* **Work instruction**
From the entries below, please output exactly the lines starting at the one containing "Hurley Shirt Mens" and ending at the one containing "Carte de vœux avec chat en colère", both included.

BEGIN Record set

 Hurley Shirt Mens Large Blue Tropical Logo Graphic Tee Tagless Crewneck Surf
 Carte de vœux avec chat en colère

END Record set
BEGIN Record set

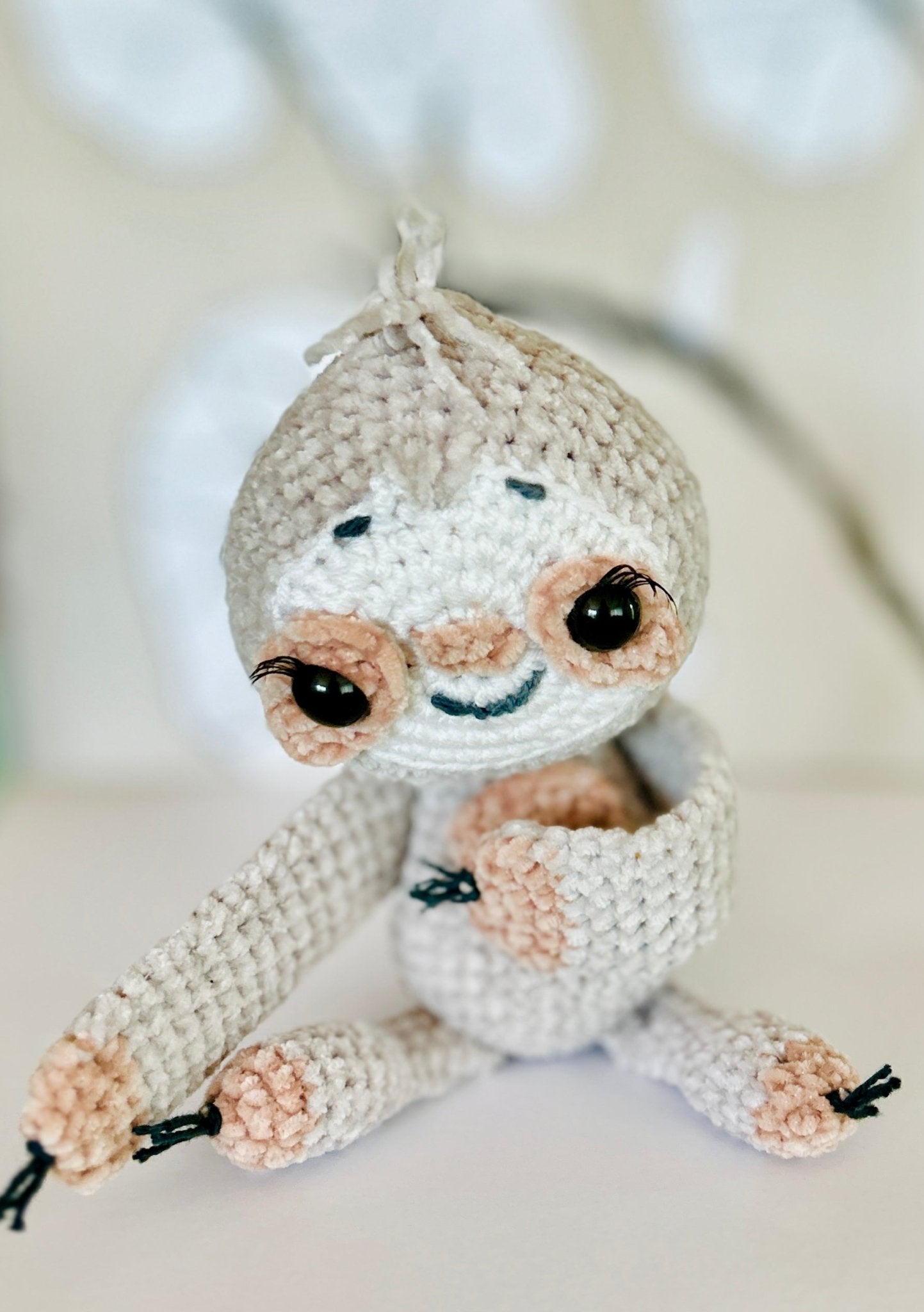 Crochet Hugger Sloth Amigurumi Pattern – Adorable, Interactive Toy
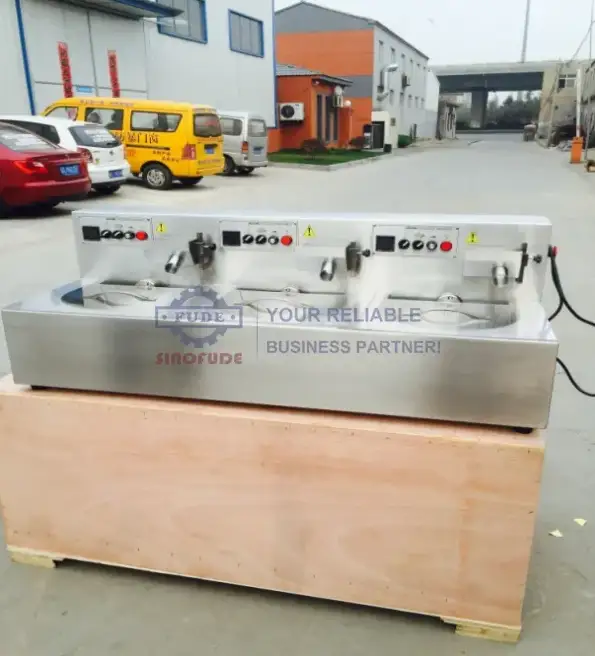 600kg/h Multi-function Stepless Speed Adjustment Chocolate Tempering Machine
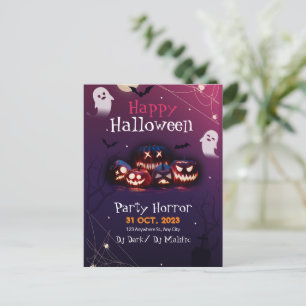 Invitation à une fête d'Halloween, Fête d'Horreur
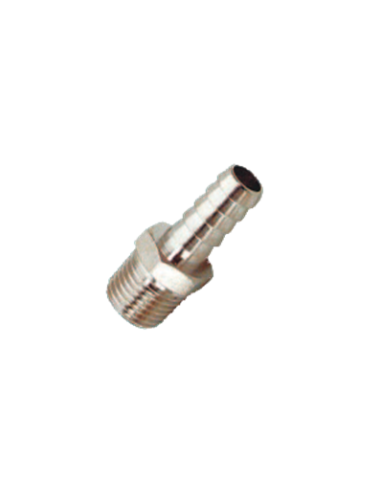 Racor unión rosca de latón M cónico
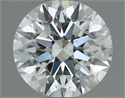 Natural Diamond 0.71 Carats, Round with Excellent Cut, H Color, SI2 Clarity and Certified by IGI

END Record set

* **Solution for this problem**
 Hurley Shirt Mens Large Blue Tropical Logo Graphic Tee Tagless Crewneck Surf
 Carte de vœux avec chat en colère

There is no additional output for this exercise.